Последние слова старый Палоуцкий произнес столь внушительно, что всем стало ясно — шутить он не намерен. Когда, стучалось, кум изрекал наконец нечто определенное — ввиду его крайней совестливости такое бывало не часто, — ему вечно казалось, что можно бы рассудить еще лучше, и, следовательно, необходимо еще раз все обдумать. Зато уже стоял на своем, как было известно каждому соседу, твердо и непреклонно.
Но он ошибался, полагая, что теперь жених снова ударится в амбицию. Лукаш расхохотался от всей души, ему пришлось даже за стол ухватиться, и все присутствующие от души смеялись вместе с ним. Опять кум Печальник попал пальцем в небо!
— Хотите, дядюшка, я вам сей же миг дам расписку, что если мы хоть раз с вашей дочерью повздорим, пусть даже из-за пустяка, то докучать вам ни в коем случае не станем, — предлагает он будущему тестю, продолжая хохотать во все горло.
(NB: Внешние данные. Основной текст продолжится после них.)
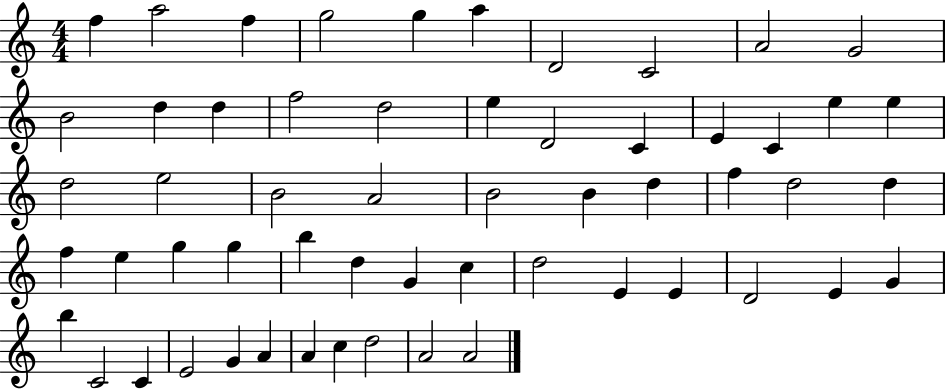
{
  \clef treble
  \numericTimeSignature
  \time 4/4
  \key c \major
  f''4 a''2 f''4 | g''2 g''4 a''4 | d'2 c'2 | a'2 g'2 | \break b'2 d''4 d''4 | f''2 d''2 | e''4 d'2 c'4 | e'4 c'4 e''4 e''4 | \break d''2 e''2 | b'2 a'2 | b'2 b'4 d''4 | f''4 d''2 d''4 | \break f''4 e''4 g''4 g''4 | b''4 d''4 g'4 c''4 | d''2 e'4 e'4 | d'2 e'4 g'4 | \break b''4 c'2 c'4 | e'2 g'4 a'4 | a'4 c''4 d''2 | a'2 a'2 | \break \bar "|."
}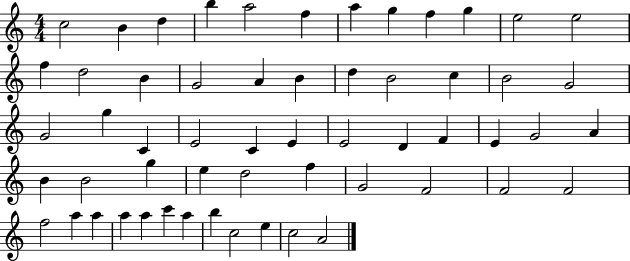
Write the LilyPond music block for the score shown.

{
  \clef treble
  \numericTimeSignature
  \time 4/4
  \key c \major
  c''2 b'4 d''4 | b''4 a''2 f''4 | a''4 g''4 f''4 g''4 | e''2 e''2 | \break f''4 d''2 b'4 | g'2 a'4 b'4 | d''4 b'2 c''4 | b'2 g'2 | \break g'2 g''4 c'4 | e'2 c'4 e'4 | e'2 d'4 f'4 | e'4 g'2 a'4 | \break b'4 b'2 g''4 | e''4 d''2 f''4 | g'2 f'2 | f'2 f'2 | \break f''2 a''4 a''4 | a''4 a''4 c'''4 a''4 | b''4 c''2 e''4 | c''2 a'2 | \break \bar "|."
}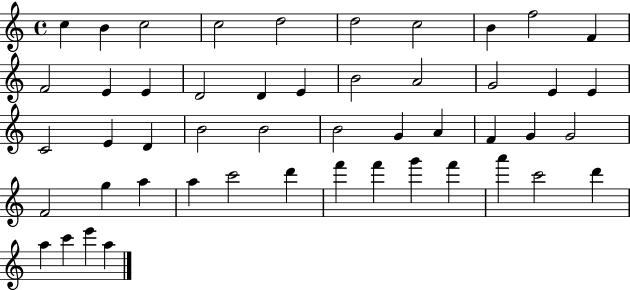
{
  \clef treble
  \time 4/4
  \defaultTimeSignature
  \key c \major
  c''4 b'4 c''2 | c''2 d''2 | d''2 c''2 | b'4 f''2 f'4 | \break f'2 e'4 e'4 | d'2 d'4 e'4 | b'2 a'2 | g'2 e'4 e'4 | \break c'2 e'4 d'4 | b'2 b'2 | b'2 g'4 a'4 | f'4 g'4 g'2 | \break f'2 g''4 a''4 | a''4 c'''2 d'''4 | f'''4 f'''4 g'''4 f'''4 | a'''4 c'''2 d'''4 | \break a''4 c'''4 e'''4 a''4 | \bar "|."
}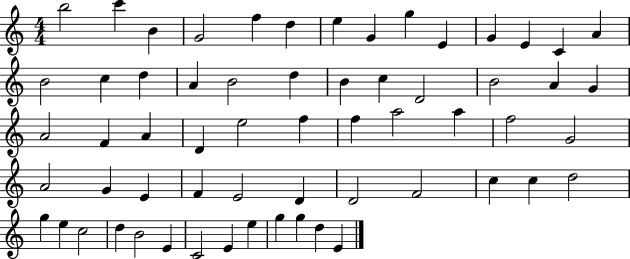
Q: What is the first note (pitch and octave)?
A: B5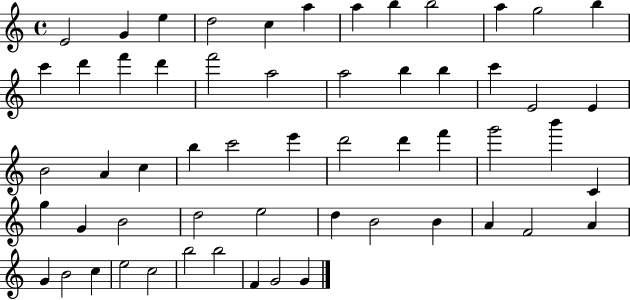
{
  \clef treble
  \time 4/4
  \defaultTimeSignature
  \key c \major
  e'2 g'4 e''4 | d''2 c''4 a''4 | a''4 b''4 b''2 | a''4 g''2 b''4 | \break c'''4 d'''4 f'''4 d'''4 | f'''2 a''2 | a''2 b''4 b''4 | c'''4 e'2 e'4 | \break b'2 a'4 c''4 | b''4 c'''2 e'''4 | d'''2 d'''4 f'''4 | g'''2 b'''4 c'4 | \break g''4 g'4 b'2 | d''2 e''2 | d''4 b'2 b'4 | a'4 f'2 a'4 | \break g'4 b'2 c''4 | e''2 c''2 | b''2 b''2 | f'4 g'2 g'4 | \break \bar "|."
}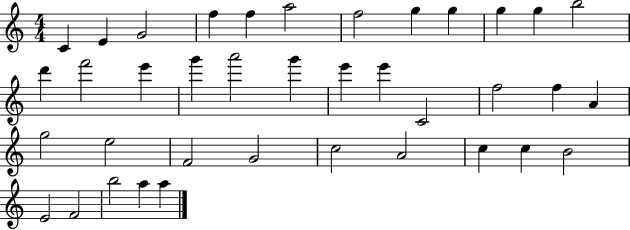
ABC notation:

X:1
T:Untitled
M:4/4
L:1/4
K:C
C E G2 f f a2 f2 g g g g b2 d' f'2 e' g' a'2 g' e' e' C2 f2 f A g2 e2 F2 G2 c2 A2 c c B2 E2 F2 b2 a a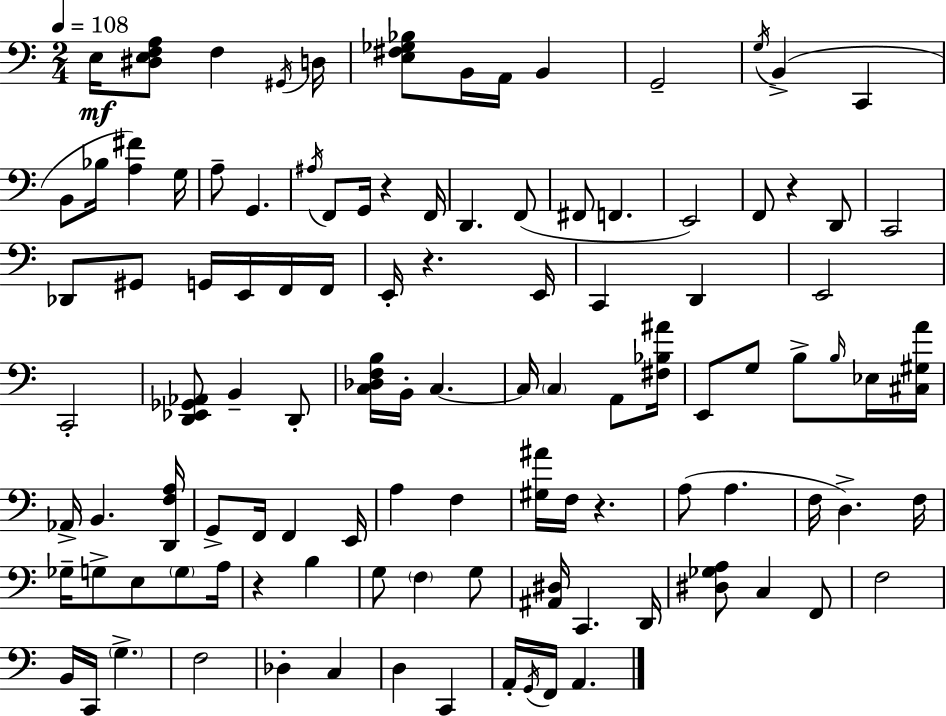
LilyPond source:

{
  \clef bass
  \numericTimeSignature
  \time 2/4
  \key c \major
  \tempo 4 = 108
  e16\mf <dis e f a>8 f4 \acciaccatura { gis,16 } | d16 <e fis ges bes>8 b,16 a,16 b,4 | g,2-- | \acciaccatura { g16 }( b,4-> c,4 | \break b,8 bes16 <a fis'>4) | g16 a8-- g,4. | \acciaccatura { ais16 } f,8 g,16 r4 | f,16 d,4. | \break f,8( fis,8 f,4. | e,2) | f,8 r4 | d,8 c,2 | \break des,8 gis,8 g,16 | e,16 f,16 f,16 e,16-. r4. | e,16 c,4 d,4 | e,2 | \break c,2-. | <d, ees, ges, aes,>8 b,4-- | d,8-. <c des f b>16 b,16-. c4.~~ | c16 \parenthesize c4 | \break a,8 <fis bes ais'>16 e,8 g8 b8-> | \grace { b16 } ees16 <cis gis a'>16 aes,16-> b,4. | <d, f a>16 g,8-> f,16 f,4 | e,16 a4 | \break f4 <gis ais'>16 f16 r4. | a8( a4. | f16 d4.->) | f16 ges16-- g8-> e8 | \break \parenthesize g8 a16 r4 | b4 g8 \parenthesize f4 | g8 <ais, dis>16 c,4. | d,16 <dis ges a>8 c4 | \break f,8 f2 | b,16 c,16 \parenthesize g4.-> | f2 | des4-. | \break c4 d4 | c,4 a,16-. \acciaccatura { g,16 } f,16 a,4. | \bar "|."
}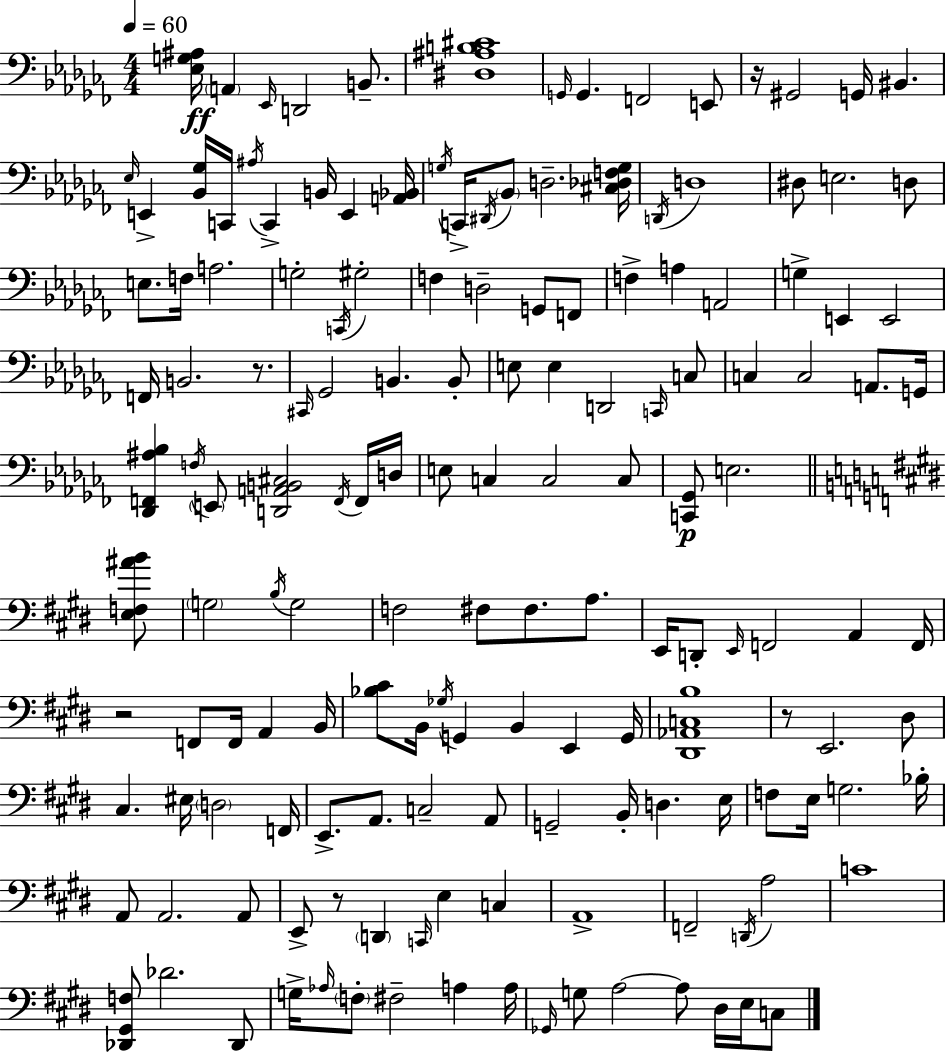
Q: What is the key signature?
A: AES minor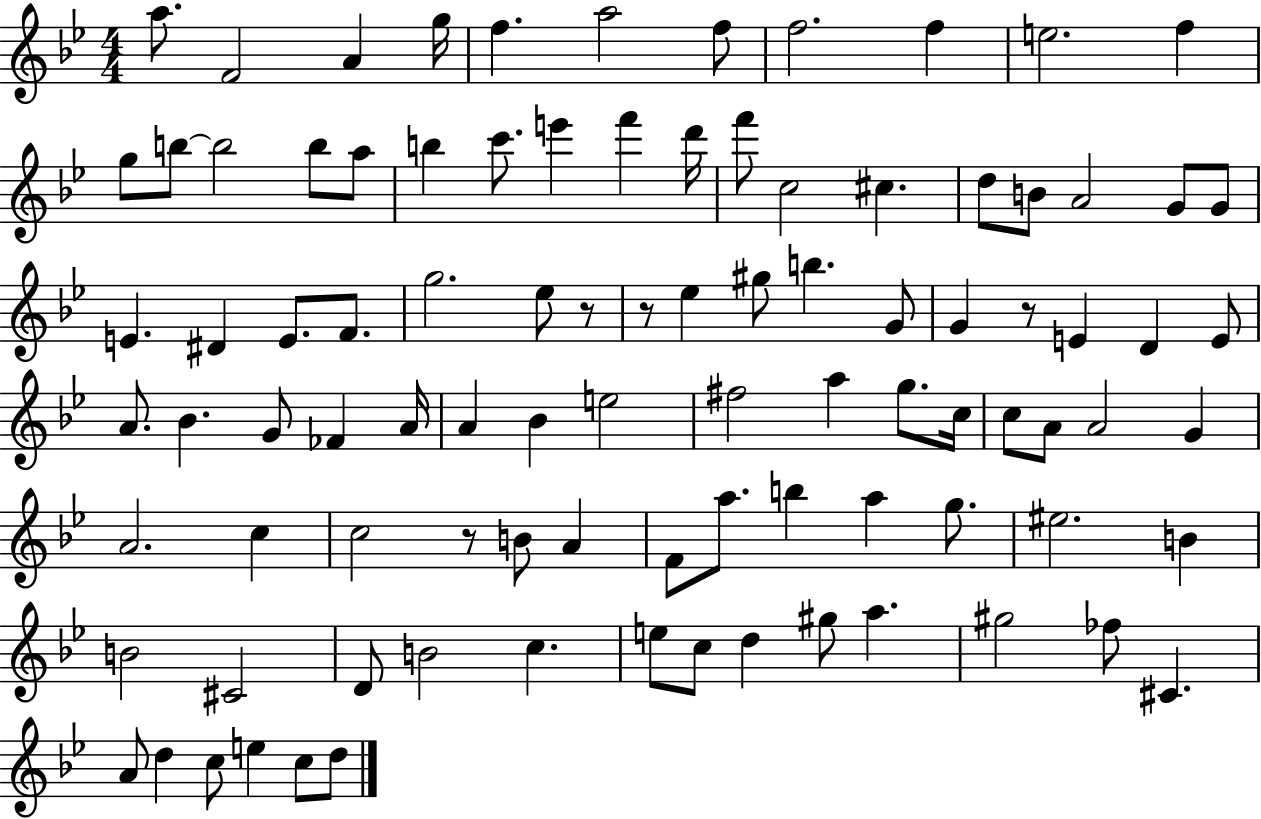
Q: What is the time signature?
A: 4/4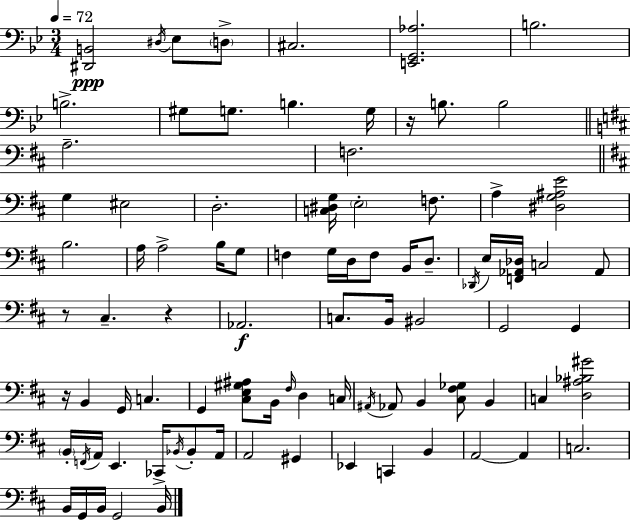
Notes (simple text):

[D#2,B2]/h D#3/s Eb3/e D3/e C#3/h. [E2,G2,Ab3]/h. B3/h. B3/h. G#3/e G3/e. B3/q. G3/s R/s B3/e. B3/h A3/h. F3/h. G3/q EIS3/h D3/h. [C3,D#3,G3]/s E3/h F3/e. A3/q [D#3,G3,A#3,E4]/h B3/h. A3/s A3/h B3/s G3/e F3/q G3/s D3/s F3/e B2/s D3/e. Db2/s E3/s [F2,Ab2,Db3]/s C3/h Ab2/e R/e C#3/q. R/q Ab2/h. C3/e. B2/s BIS2/h G2/h G2/q R/s B2/q G2/s C3/q. G2/q [C#3,E3,G#3,A#3]/e B2/s F#3/s D3/q C3/s A#2/s Ab2/e B2/q [C#3,F#3,Gb3]/e B2/q C3/q [D3,A#3,Bb3,G#4]/h B2/s F2/s A2/s E2/q. CES2/s Bb2/s Bb2/e A2/s A2/h G#2/q Eb2/q C2/q B2/q A2/h A2/q C3/h. B2/s G2/s B2/s G2/h B2/s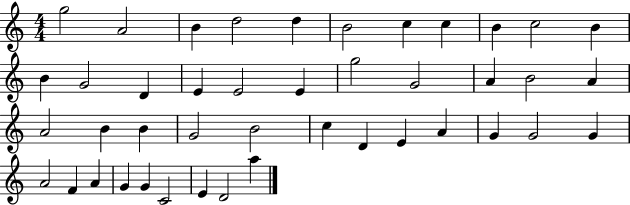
G5/h A4/h B4/q D5/h D5/q B4/h C5/q C5/q B4/q C5/h B4/q B4/q G4/h D4/q E4/q E4/h E4/q G5/h G4/h A4/q B4/h A4/q A4/h B4/q B4/q G4/h B4/h C5/q D4/q E4/q A4/q G4/q G4/h G4/q A4/h F4/q A4/q G4/q G4/q C4/h E4/q D4/h A5/q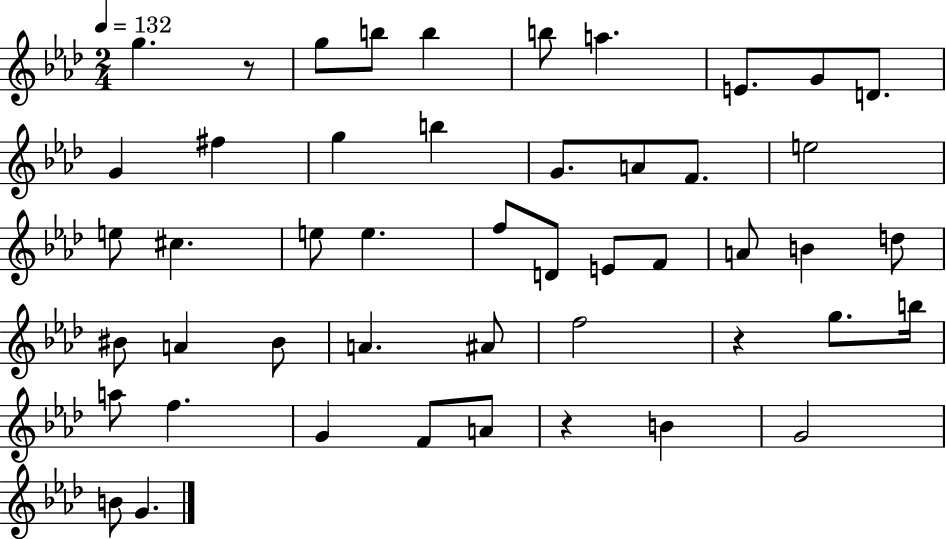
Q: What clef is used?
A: treble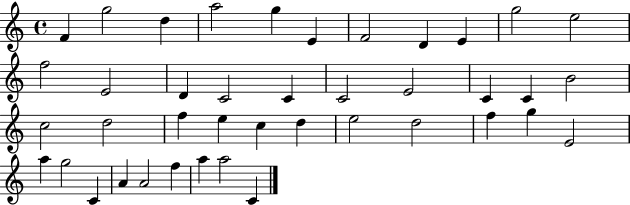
{
  \clef treble
  \time 4/4
  \defaultTimeSignature
  \key c \major
  f'4 g''2 d''4 | a''2 g''4 e'4 | f'2 d'4 e'4 | g''2 e''2 | \break f''2 e'2 | d'4 c'2 c'4 | c'2 e'2 | c'4 c'4 b'2 | \break c''2 d''2 | f''4 e''4 c''4 d''4 | e''2 d''2 | f''4 g''4 e'2 | \break a''4 g''2 c'4 | a'4 a'2 f''4 | a''4 a''2 c'4 | \bar "|."
}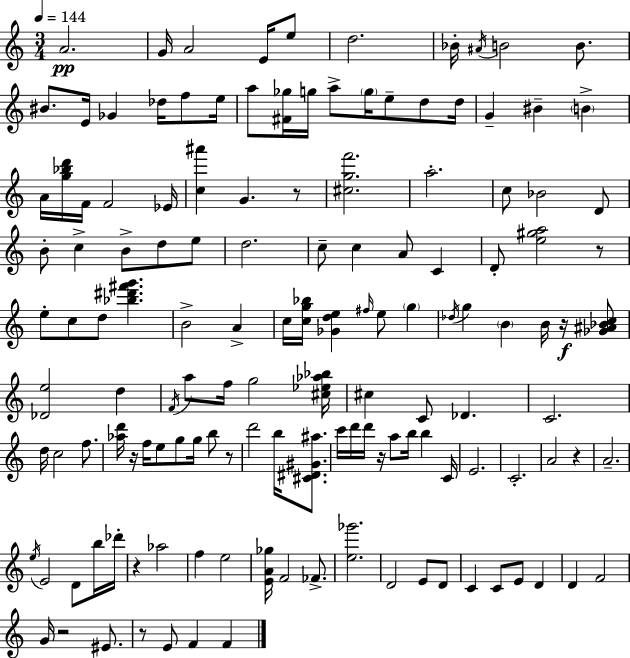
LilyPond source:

{
  \clef treble
  \numericTimeSignature
  \time 3/4
  \key c \major
  \tempo 4 = 144
  a'2.\pp | g'16 a'2 e'16 e''8 | d''2. | bes'16-. \acciaccatura { ais'16 } b'2 b'8. | \break bis'8. e'16 ges'4 des''16 f''8 | e''16 a''8 <fis' ges''>16 g''16 a''8-> \parenthesize g''16 e''8-- d''8 | d''16 g'4-- bis'4-- \parenthesize b'4-> | a'16 <g'' bes'' d'''>16 f'16 f'2 | \break ees'16 <c'' ais'''>4 g'4. r8 | <cis'' g'' f'''>2. | a''2.-. | c''8 bes'2 d'8 | \break b'8-. c''4-> b'8-> d''8 e''8 | d''2. | c''8-- c''4 a'8 c'4 | d'8-. <e'' gis'' a''>2 r8 | \break e''8-. c''8 d''8 <bes'' dis''' fis''' g'''>4. | b'2-> a'4-> | c''16 <c'' g'' bes''>16 <ges' d'' e''>4 \grace { fis''16 } e''8 \parenthesize g''4 | \acciaccatura { des''16 } g''4 \parenthesize b'4 b'16 | \break r16\f <ges' ais' bes' c''>8 <des' e''>2 d''4 | \acciaccatura { f'16 } a''8 f''16 g''2 | <cis'' ees'' aes'' bes''>16 cis''4 c'8 des'4. | c'2. | \break d''16 c''2 | f''8. <aes'' d'''>16 r16 f''16 e''8 g''8 g''16 | b''8 r8 d'''2 | b''16 <cis' dis' gis' ais''>8. c'''16 d'''16 d'''16 r16 a''8 b''16 b''4 | \break c'16 e'2. | c'2.-. | a'2 | r4 a'2.-- | \break \acciaccatura { e''16 } e'2 | d'8 b''16 des'''16-. r4 aes''2 | f''4 e''2 | <e' a' ges''>16 f'2 | \break fes'8.-> <e'' ges'''>2. | d'2 | e'8 d'8 c'4 c'8 e'8 | d'4 d'4 f'2 | \break g'16 r2 | eis'8. r8 e'8 f'4 | f'4 \bar "|."
}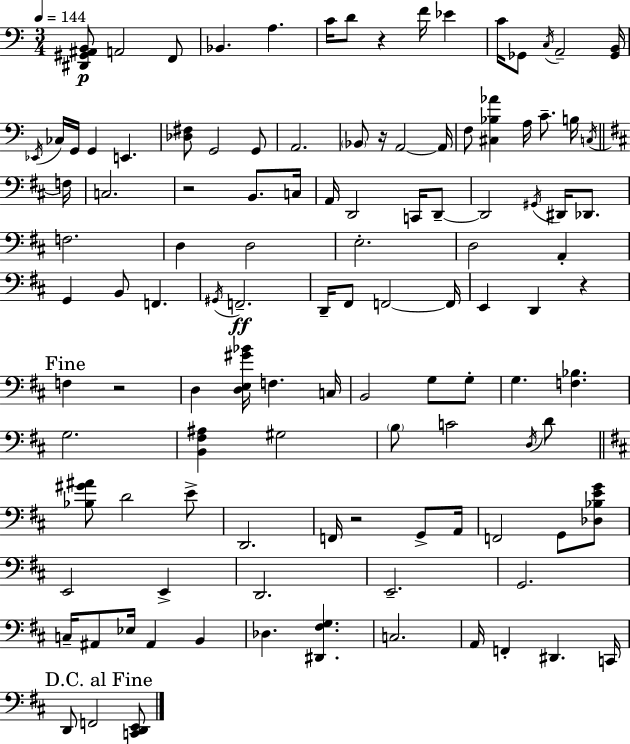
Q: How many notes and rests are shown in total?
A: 114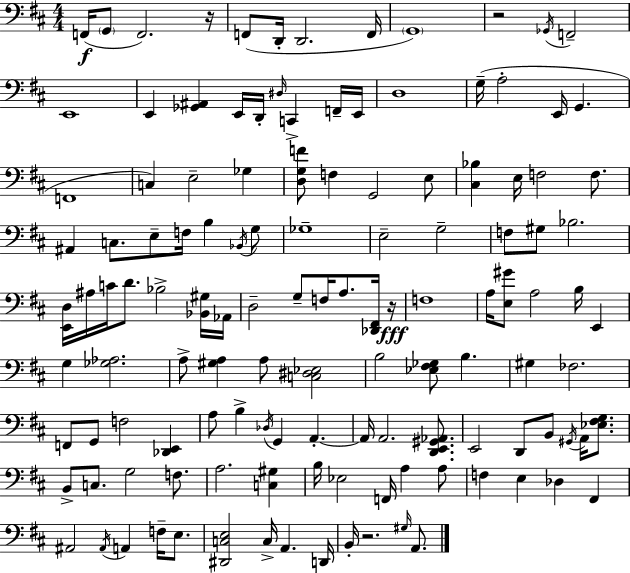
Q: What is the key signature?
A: D major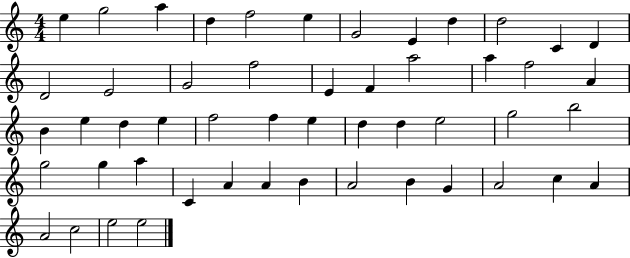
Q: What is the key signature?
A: C major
Еще никогда и ничто не смешило его так, как предположение, будто он может когда-нибудь поссориться с Вендулкой — с той самой Вендулкой, ради которой столько раз всей деревне спать не давал, швыряя в отместку камни на крышу старому ворчуну. С Вендулкой, которую даже рядом с покойницей женой не забывал ни на минуту, которая из-за него всем женихам отказала, хоть и не могла знать, что судьба сведет их еще раз. Верно, и она хохотала до упаду, когда отец сказал ей этакое! Нет, не зря дали старому Палоуцкому прозвище Печальник, более меткого прозвища для него и не измыслишь. Кто бы подумал, что и тут он сыщет повод для ахов да охов?
И сват пошел за невестой, тоже корчась от смеха. Вендулка, как и полагается благонравной девушке, завидев жениха, спряталась в каморе и ждала, когда придет за ней сват, передаст все, о чем говорилось, и препроводит ее к жениху, чтоб тот мог самолично сделать ей предложение.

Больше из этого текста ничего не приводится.